1 Reply Latest reply on Nov 3, 2009 12:16 PM by chipf

    acml 4.3.0 + openmp = Segmentation fault (core dumped)

      gfortran, ifort

      I use gfortran 4.4.1 (and ifort 11.0) with acml 4.3.0 in Ubuntu 9.10 32bit (and Scientific Linux 5.3 32bit). I compile this code:



            program eigenlapack      

            PARAMETER        (n=1000)

            PARAMETER        (lwork=8*n)      

            integer           m, info, iwork(5*n), IL, IU, ifail(n),i,j

            REAL              w(n), work(lwork), a(n,n), VL, VU, z(n,n)




            IL = 1

            IU = 5


            do 10 i=1,n

              do 20 j=1,n


         20 continue

         10 continue


      !$omp parallel default(firstprivate)


            CALL SSYEVX ('N', 'A',  'U', n, a, n, VL, VU, IL, IU, 0.0d0, 

           1              m, w, z, n, work, lwork,  iwork, ifail, info)

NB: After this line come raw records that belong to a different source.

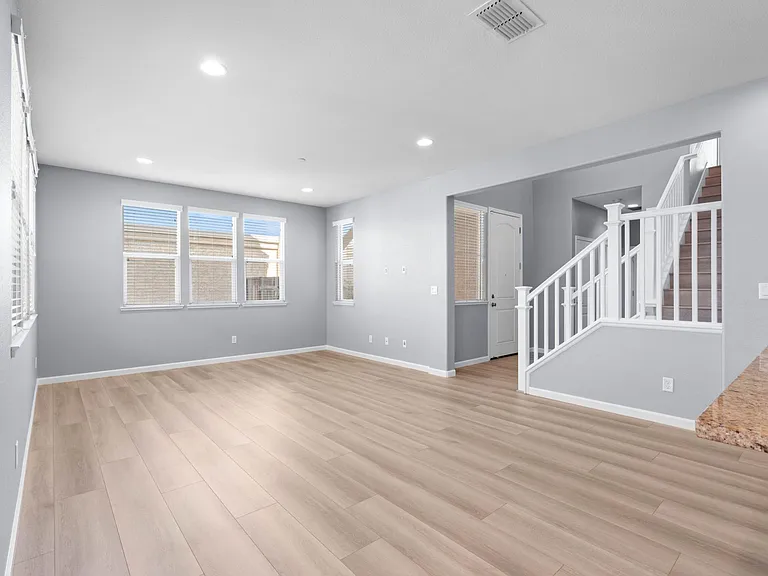 306 Misty Cir — Photo 15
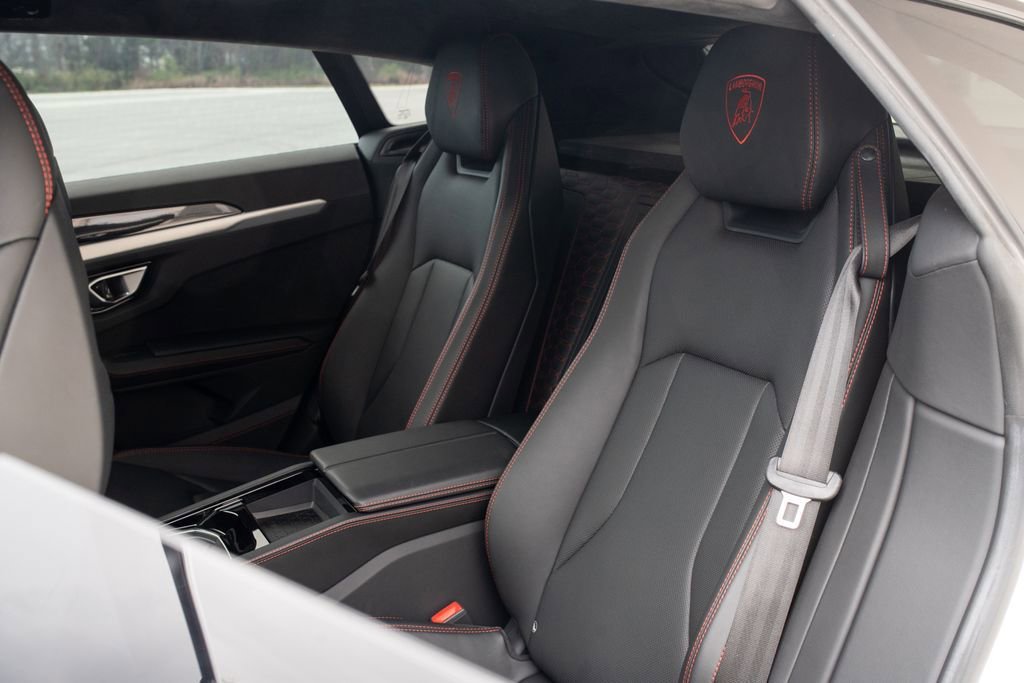 Used 2019 Lamborghini Urus image 42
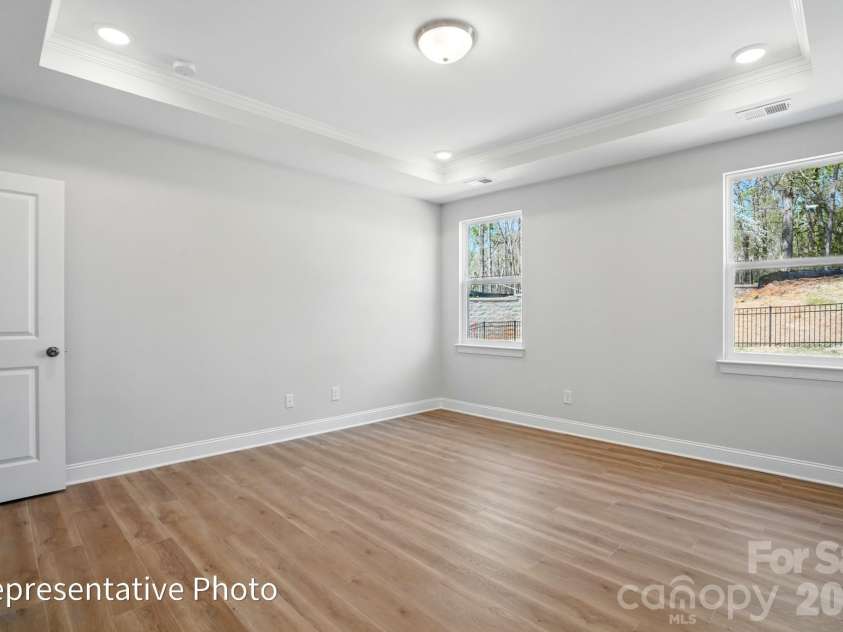 3001 Old Glory Drive, Gastonia, NC 28056.  MLS# CAR4382614, YatesRealty ID 22071. 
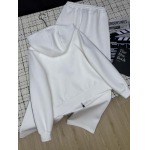 2025年10月13日入荷秋冬新作Miumiu セットファッション/誕生日プレゼント/贈り物 can工場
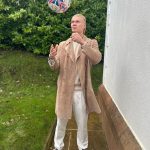 Erling Haaland Instagram - Relaxing after a busy night 😝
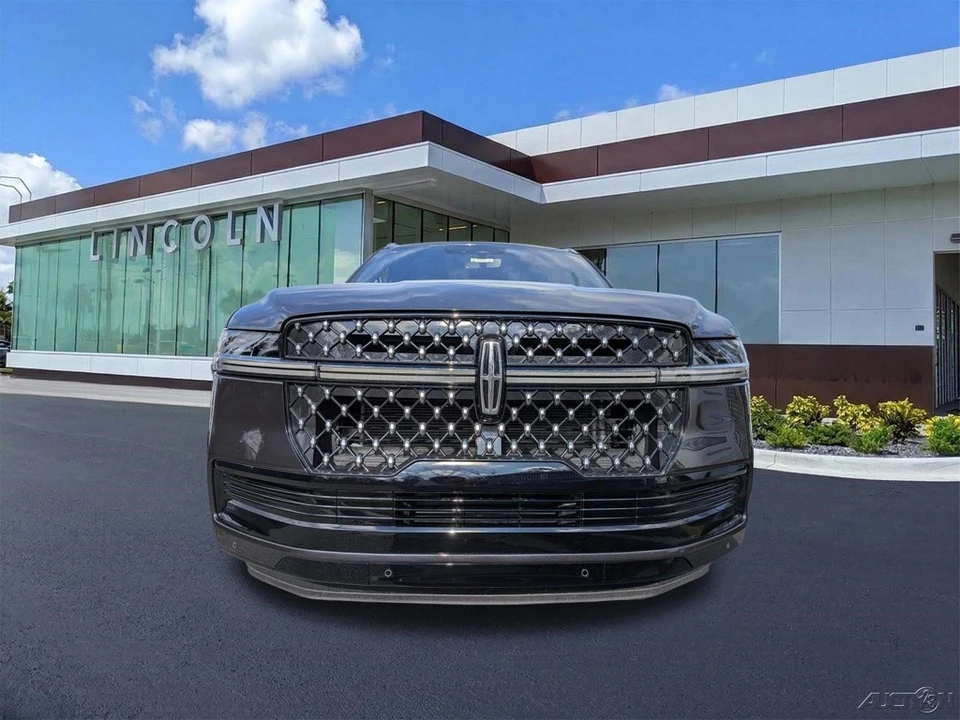 2025 Lincoln Navigator 4th Gen - Image 9 of 21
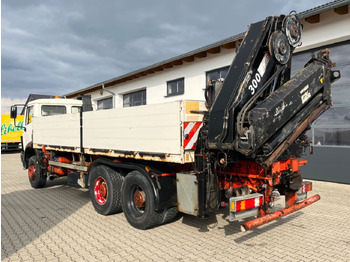 Dropside/ Flatbed truck, Crane truck Mercedes-Benz SK 2635 6x4 V8 Pritsche mit HIAB 300-4: picture 4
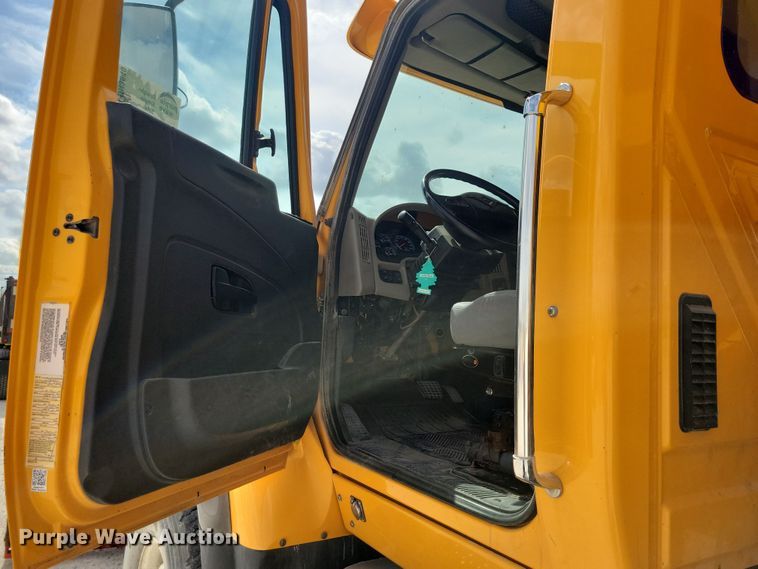 image for item DN3540 2013 International Work Star 7500 dump truck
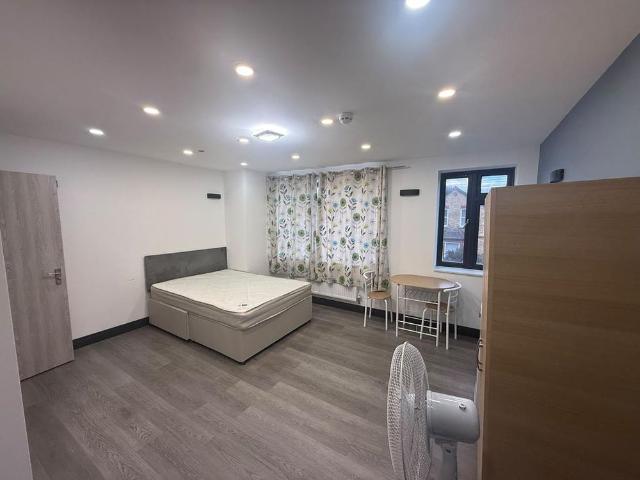 6 bedroom semi detached house to rent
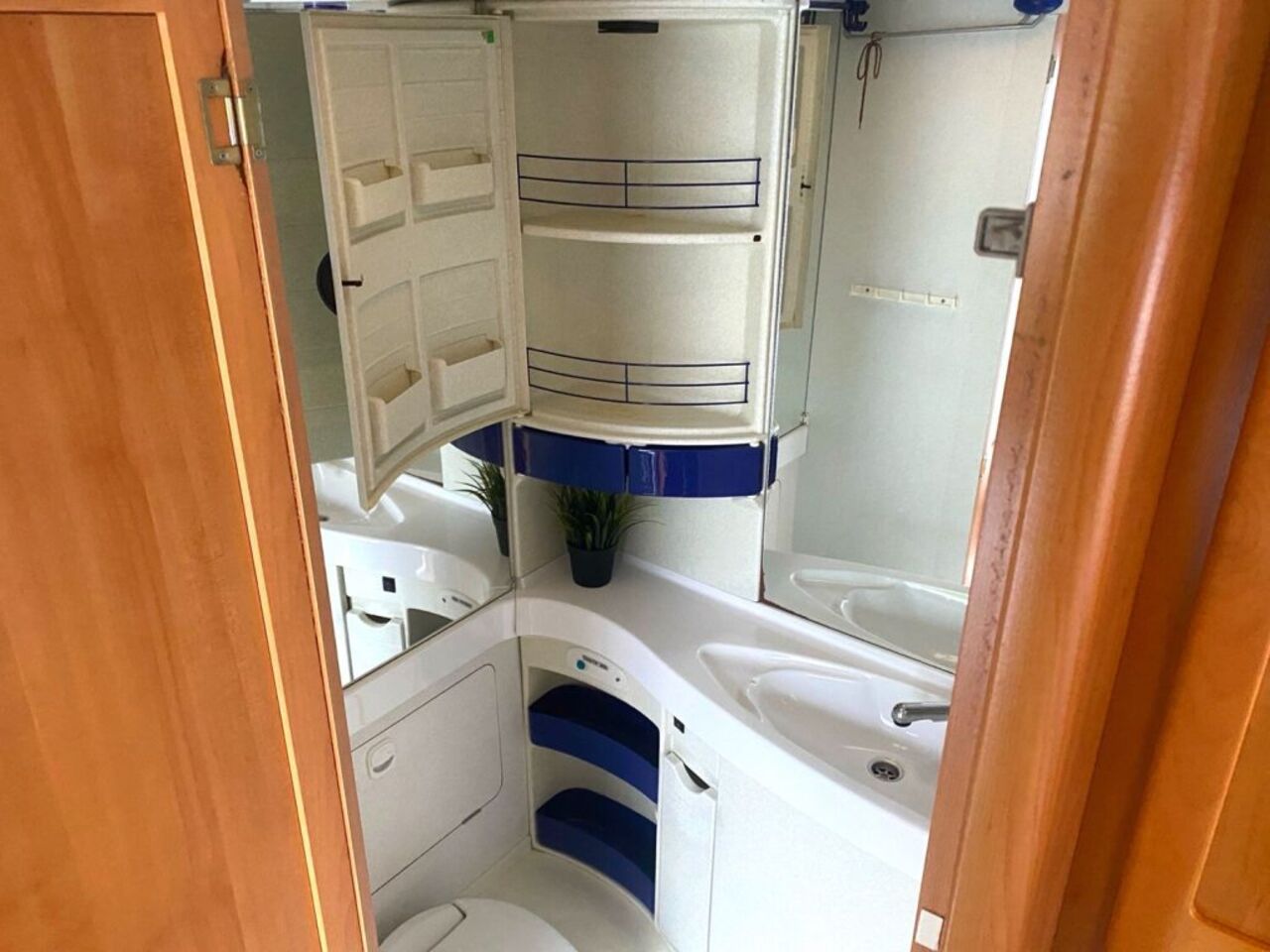 HYMER-ERIBA 390 Verkauf an Händler Ansicht 11 für Fahrzeugdetailseite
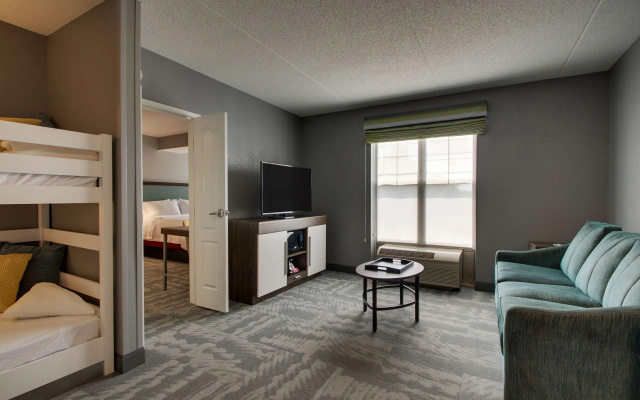 photo 4 of Hampton Inn & Suites Chicago/Aurora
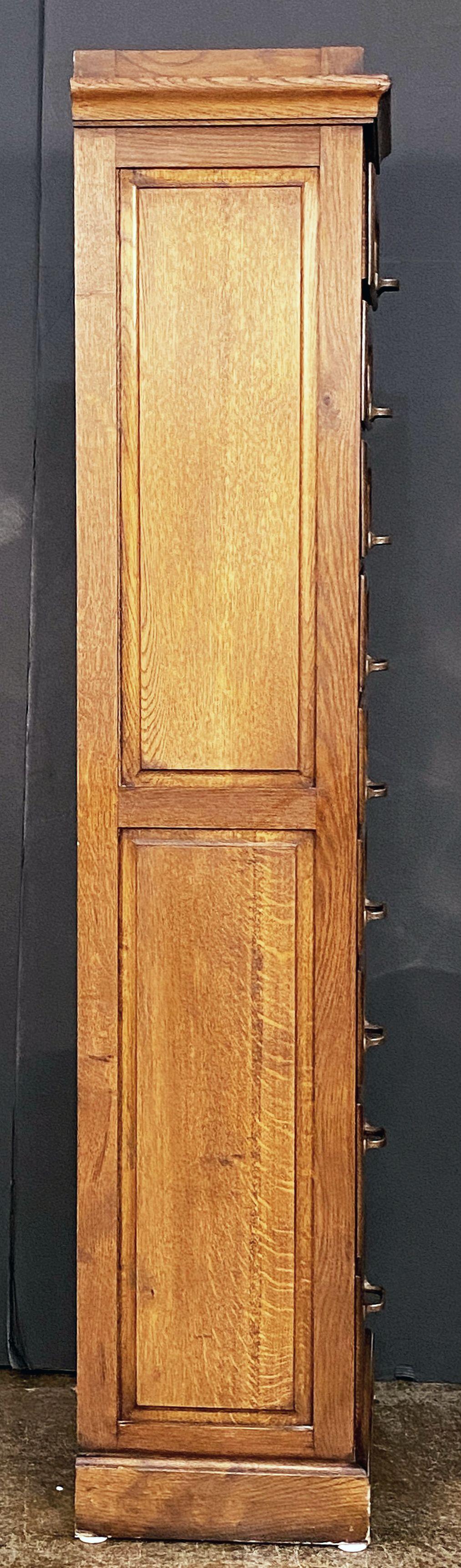 Armario individual de mercería con cajones acristalados de Harrod's, Londres en venta 4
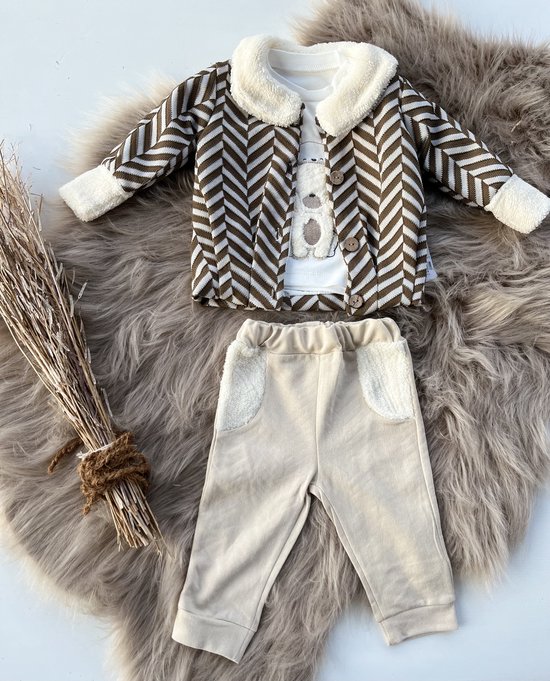 luxe baby pak -jongensset-jongenspak- drie delige katoenen baby set met klassiek vest, shirt en broek- 3 tem 6 maanden - maat 62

            write(*,'(3x,a)') 'Number of eigenvalues:'

            write(*,'(3x,I100)') m

            write(*,'(3x,a)') 'Eigenvalues:'

            write(11,'(10000f12.2)') (w(i),i=1,n)


      !$omp end parallel




      If I set "export OMP_NUM_THREADS=1" then it works correctly. But if I use more than one thread (OMP_NUM_THREADS=2) then it don't work:


      Segmentation fault (core dumped)


      It work with variable n=416 or less. 

      Single version of code work right.



      What can I do?

        • acml 4.3.0 + openmp = Segmentation fault (core dumped)

          The bug is easily reproduced.  It happens with a 64-bit OS also, and when linking either with the single threaded or OpenMP ACML library. I used ACML 4.3.0 gfortran64 and gcc/gfortran 4.4.1 to reproduce the problem.

          GDB quickly reveals that the segfault occurs on the openmp parallel clause, and looks immediately like a stack size issue.  A quick search in google turned up similar issues.

          I resolved the problem like this:  Change the declaration for the REAL variables to:

          REAL,save::     w(n), work(lwork), a(n,n), VL, VU, z(n,n)

          I think this is moving these larger arrays off of the stack and into allocated memory.  You could also solve the problem by increasing the available stack size.

          Such a simple change, but it fixed the problem for me.